Bosch typed in the name and birth date from the birth certificate, and the database quickly kicked back a match, but it was a very short entry. It showed that Dominick Santanello had received a California driver’s license on January 31, 1967, the day he turned sixteen and was eligible to drive. But the license had never been renewed or surrendered. The last entry in the record simply said Deceased.
Bosch leaned back in his seat, feeling as though he had been kicked in the gut. He had been on the case less than thirty-six hours but he was invested. Vibiana’s story, Abigail’s story, Vance’s being unable to outrun the guilt of his actions all these decades later. And now to come to this. According to the DMV, Vance’s son died even before his first driver’s license had expired.
“Harry, you all right?”
Bosch looked left and saw that Bella Lourdes had entered the bureau and was heading to her cubicle across the partition wall from his.

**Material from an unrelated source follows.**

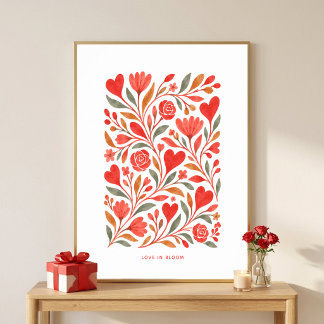 Poster L'art mural floral de la Saint-Valentin Love in Bl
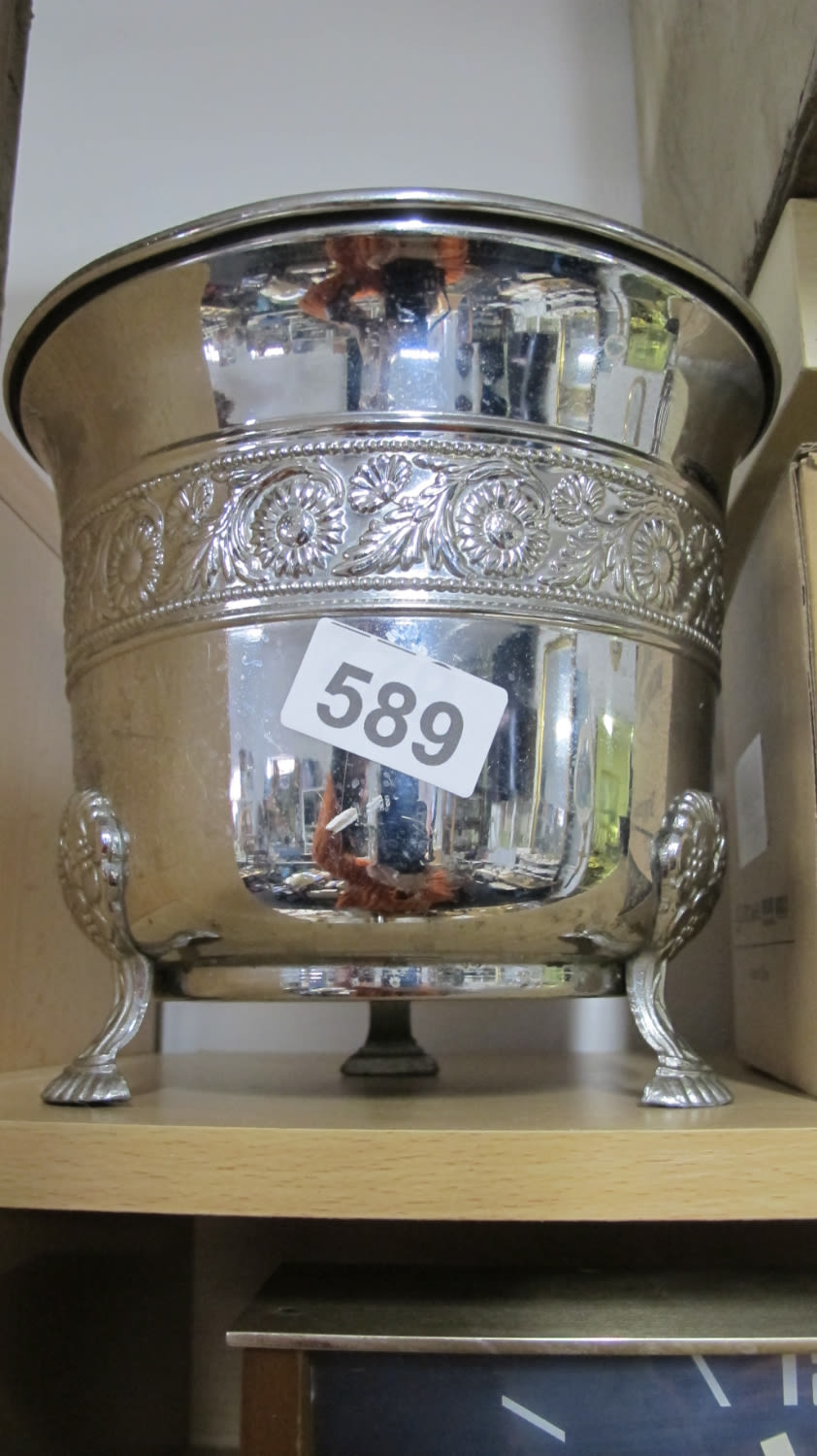 Lot 589: Chrome planter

“I’m fine,” Bosch said. “Just…just another dead end.”
“I know the feeling,” Lourdes said.
She sat down and dropped from his sight. She was no more than five two and the partition made her disappear. Bosch just stared at his computer screen. There were no details about Santanello’s death, only that it occurred during the licensing period. Bosch had gotten his first California license the year before Santanello, in 1966. He was pretty sure that back then the license period was four years before renewal. It meant Santanello had died between the ages of sixteen and twenty.